I want to bring attention to Jeff Greenfield’s essay on Graham and President Richard Nixon in Politico. This thesis: Graham always wanted access to the halls of power, was willing to compromise his principles to do so and didn’t –- that we know of –- speak truth to power.
But the road Billy Graham took during his prime raises a fascinating question: What if Graham, with his undeniable magnetism, had chosen a different path? What if his insistence on integrated religious gatherings -- a provocative posture in the South of the 1950s -- had been accompanied by a forthright campaign for integration in schools, and in a campaign for the vote? What if he had found the boardrooms and offices of the political elite less appealing than the injunction to “comfort the afflicted and afflict the comfortable?” We might have been remembering him as we do another Southern minister, who led a life 60 years shorter, but who moved mountains.

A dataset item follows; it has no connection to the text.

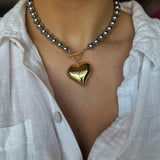 Glam Heart Necklace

If you follow that line of thinking, then if there’s a successor to Graham it won’t be someone who does 20th century techniques such as crusades and mass meetings, but rather someone who aspires to be the confidante of world leaders and has just as powerful an online presence as what he or she does on TV. This person would be the one summoned to pastor a shocked and wounded nation, just as Graham did, at the age of 82, after September 11 at the Washington Cathedral. It was his finest moment.
I know that when a huge event like this happens, it's tough for religion reporters to find something original to write, especially if they're located far from where all the action is taking place in North Carolina.
My hat is off to any scribes who manage to do so. There are all kinds of local angles out there, since Graham's work had an impact all over the place, in ways large and small.